Dans la chambre à côté un vieux n’arrêtait pas de hurler. Même à trois elles n’arrivaient pas à le calmer. Après il a pleuré tout doucement comme un bébé.

Julien m’a emmenée le long du canal. Il a absolument voulu… - Tu sors jamais !… Tu es toute blanche… C’était plein de gens heureux, insouciants, de couples qui se tenaient par la main, d’amoureux qui s’embrassaient, d’enfants qui couraient. Mais comme Etienne me manquait !…

 

 

 

 

21 Juin

 

 

J’ai posé carrément la question. Le professeur a relevé la tête… - C’est une éventualité que - malheureusement - on ne peut pas exclure… - Combien ? Deux mois ? Six mois ? Moins ? Plus ?… - Ca !… Et il a tourné les talons…
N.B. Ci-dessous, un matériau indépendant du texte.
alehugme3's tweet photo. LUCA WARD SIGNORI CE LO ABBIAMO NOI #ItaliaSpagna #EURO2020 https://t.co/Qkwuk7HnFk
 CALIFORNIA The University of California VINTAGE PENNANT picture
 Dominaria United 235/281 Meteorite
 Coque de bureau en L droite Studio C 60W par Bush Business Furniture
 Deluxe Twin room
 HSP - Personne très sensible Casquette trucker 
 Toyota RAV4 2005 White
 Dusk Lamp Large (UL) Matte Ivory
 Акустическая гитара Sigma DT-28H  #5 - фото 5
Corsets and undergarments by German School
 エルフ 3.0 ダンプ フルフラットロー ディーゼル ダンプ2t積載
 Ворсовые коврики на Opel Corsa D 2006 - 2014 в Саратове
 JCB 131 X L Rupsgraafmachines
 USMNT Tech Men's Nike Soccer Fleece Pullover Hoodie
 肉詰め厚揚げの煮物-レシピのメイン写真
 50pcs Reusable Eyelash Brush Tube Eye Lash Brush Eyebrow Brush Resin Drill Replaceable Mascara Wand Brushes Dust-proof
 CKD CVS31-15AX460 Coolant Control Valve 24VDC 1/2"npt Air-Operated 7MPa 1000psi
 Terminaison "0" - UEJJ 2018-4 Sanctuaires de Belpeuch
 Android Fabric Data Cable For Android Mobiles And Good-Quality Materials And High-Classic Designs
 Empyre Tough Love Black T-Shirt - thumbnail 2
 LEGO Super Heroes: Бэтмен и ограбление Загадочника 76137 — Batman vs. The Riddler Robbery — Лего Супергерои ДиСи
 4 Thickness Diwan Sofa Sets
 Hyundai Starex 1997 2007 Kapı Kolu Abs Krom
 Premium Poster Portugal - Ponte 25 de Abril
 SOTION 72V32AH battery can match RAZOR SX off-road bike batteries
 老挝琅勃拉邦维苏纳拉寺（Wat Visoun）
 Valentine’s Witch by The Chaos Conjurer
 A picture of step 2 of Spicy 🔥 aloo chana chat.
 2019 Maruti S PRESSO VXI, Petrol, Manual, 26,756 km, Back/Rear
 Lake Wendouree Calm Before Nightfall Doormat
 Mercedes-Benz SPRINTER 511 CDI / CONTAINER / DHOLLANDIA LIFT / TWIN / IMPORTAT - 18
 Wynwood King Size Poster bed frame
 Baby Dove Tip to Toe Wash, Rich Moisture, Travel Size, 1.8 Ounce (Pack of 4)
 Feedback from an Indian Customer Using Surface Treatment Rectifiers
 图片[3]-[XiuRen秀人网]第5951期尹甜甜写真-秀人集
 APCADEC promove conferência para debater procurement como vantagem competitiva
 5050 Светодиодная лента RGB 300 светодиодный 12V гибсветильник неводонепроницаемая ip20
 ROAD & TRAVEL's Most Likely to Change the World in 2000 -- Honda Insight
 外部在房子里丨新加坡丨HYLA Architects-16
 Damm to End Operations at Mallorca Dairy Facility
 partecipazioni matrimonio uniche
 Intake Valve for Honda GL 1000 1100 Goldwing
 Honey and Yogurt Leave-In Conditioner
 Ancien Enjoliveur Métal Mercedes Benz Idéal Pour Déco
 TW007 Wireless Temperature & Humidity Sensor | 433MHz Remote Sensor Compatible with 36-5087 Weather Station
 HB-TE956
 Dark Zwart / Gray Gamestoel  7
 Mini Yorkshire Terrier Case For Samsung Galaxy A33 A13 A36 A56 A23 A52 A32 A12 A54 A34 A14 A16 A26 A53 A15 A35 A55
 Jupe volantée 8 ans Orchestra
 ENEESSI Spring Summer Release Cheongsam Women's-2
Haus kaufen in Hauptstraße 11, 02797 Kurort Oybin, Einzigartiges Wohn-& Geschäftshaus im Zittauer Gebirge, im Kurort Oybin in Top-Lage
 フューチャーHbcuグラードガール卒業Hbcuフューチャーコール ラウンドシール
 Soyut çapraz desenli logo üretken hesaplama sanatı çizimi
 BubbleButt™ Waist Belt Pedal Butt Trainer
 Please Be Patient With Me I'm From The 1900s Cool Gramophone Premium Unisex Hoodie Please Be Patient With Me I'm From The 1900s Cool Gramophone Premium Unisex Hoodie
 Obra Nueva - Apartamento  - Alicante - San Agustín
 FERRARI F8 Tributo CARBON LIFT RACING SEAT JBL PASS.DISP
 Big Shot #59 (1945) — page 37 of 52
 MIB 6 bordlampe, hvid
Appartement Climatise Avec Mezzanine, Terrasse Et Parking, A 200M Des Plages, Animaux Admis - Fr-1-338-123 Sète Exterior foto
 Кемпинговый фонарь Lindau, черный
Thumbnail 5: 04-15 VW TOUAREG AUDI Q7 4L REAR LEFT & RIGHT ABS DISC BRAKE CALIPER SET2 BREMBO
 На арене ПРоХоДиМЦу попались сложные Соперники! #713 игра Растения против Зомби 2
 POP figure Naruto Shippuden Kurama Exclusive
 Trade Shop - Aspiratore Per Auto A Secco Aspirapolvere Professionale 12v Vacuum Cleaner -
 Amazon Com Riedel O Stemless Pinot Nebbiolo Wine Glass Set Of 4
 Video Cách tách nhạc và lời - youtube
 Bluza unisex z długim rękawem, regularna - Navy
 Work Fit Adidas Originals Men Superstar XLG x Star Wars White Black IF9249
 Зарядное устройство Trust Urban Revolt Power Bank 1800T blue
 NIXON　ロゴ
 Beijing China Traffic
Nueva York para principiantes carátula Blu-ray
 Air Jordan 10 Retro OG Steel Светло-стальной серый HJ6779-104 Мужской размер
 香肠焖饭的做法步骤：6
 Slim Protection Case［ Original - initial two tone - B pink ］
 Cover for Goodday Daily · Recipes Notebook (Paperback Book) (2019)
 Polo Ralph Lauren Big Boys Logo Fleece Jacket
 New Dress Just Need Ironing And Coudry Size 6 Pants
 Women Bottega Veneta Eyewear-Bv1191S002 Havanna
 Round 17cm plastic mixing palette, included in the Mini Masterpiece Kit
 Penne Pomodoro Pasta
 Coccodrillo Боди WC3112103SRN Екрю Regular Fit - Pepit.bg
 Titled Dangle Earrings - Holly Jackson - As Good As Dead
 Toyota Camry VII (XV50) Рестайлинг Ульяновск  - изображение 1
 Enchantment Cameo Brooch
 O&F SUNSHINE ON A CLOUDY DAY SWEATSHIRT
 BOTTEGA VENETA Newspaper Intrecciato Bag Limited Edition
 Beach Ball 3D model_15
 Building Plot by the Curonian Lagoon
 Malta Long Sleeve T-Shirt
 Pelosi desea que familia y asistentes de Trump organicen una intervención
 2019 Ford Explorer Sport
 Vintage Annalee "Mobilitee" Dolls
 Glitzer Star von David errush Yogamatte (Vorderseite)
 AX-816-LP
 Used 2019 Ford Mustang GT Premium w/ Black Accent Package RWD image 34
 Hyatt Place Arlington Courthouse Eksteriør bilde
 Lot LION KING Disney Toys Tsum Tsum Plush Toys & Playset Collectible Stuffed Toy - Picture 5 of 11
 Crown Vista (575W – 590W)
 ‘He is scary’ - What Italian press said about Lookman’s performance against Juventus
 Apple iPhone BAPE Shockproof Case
Julien m’a prise très doucement contre lui. En grand frère. Et j’ai pleuré longtemps sur son épaule…

 

 

 

 

23 juin

 

 

Ils attendent qu’il ait récupéré un peu. Et puis ils vont le monter là-haut. En chimio. Je reste avec lui. Près de lui. Je regarde par la fenêtre dehors le soleil, les arbres, les fleurs. Et c’est son dernier été. L’année prochaine… Il ne faut pas que je craque… Surtout il ne faut pas craquer… Heureusement il y a Julien. Il sait tellement trouver les mots. Il m’apaise. Il me rassure. Il me donne ma force.

 

 

 

 

25 juin

 

 

Ca m’est tombé dessus d’un seul coup. Etienne dormait et je pensais à après, à tout à l’heure, à Julien, à ses mots, à son sourire… Mais… mais tu ne penses plus qu’à ça ! C’est de la folie. Je ne vis plus que dans l’attente du moment où je vais retrouver Julien, que dans le souvenir des instants que j’ai passés avec lui, que je vole à Etienne pour être avec lui. Et ce n’est pas possible. Ce n’est plus possible. J’ai regardé Etienne dormir et j’ai promis. Je ne reverrai plus Julien. Il n’y a pas d’autre solution.

 

 

 

 

26 juin

 

 

J’ai tenu bon. Je tiens bon. Mais c’est tellement dur !

 

 

 

 

27 juin

 

 

Je me suis disputée avec sa mère. Qu’elle se taise ! Mais qu’elle se taise à la fin ! C’est son père qui nous a séparées. Il m’a emmenée dans ma chambre…     - Couche-toi ! Tu es à bout. Tout le monde est à bout. Il m’a fait avaler quelque chose et il a attendu à côté de moi dans le noir que je sois endormie. Julien doit se poser des tas de questions. Disparue comme ça. Sans un mot. Sans une explication .

 

 

 

 

29 Juin

 

 

Il a craqué… - Je vais mourir !… - Mais non, Etienne, enfin !… Tu vas guérir, tu sais bien !… Les médecins… - Non ! Je vais mourir… Je vais mourir… Tellement d’angoisse, de désespoir dans ses yeux. Mon amour ! Mon pauvre amour ! Les infirmières m’ont fait sortir… - Laissez-nous faire ! Rentrez chez vous… On s’en occupe…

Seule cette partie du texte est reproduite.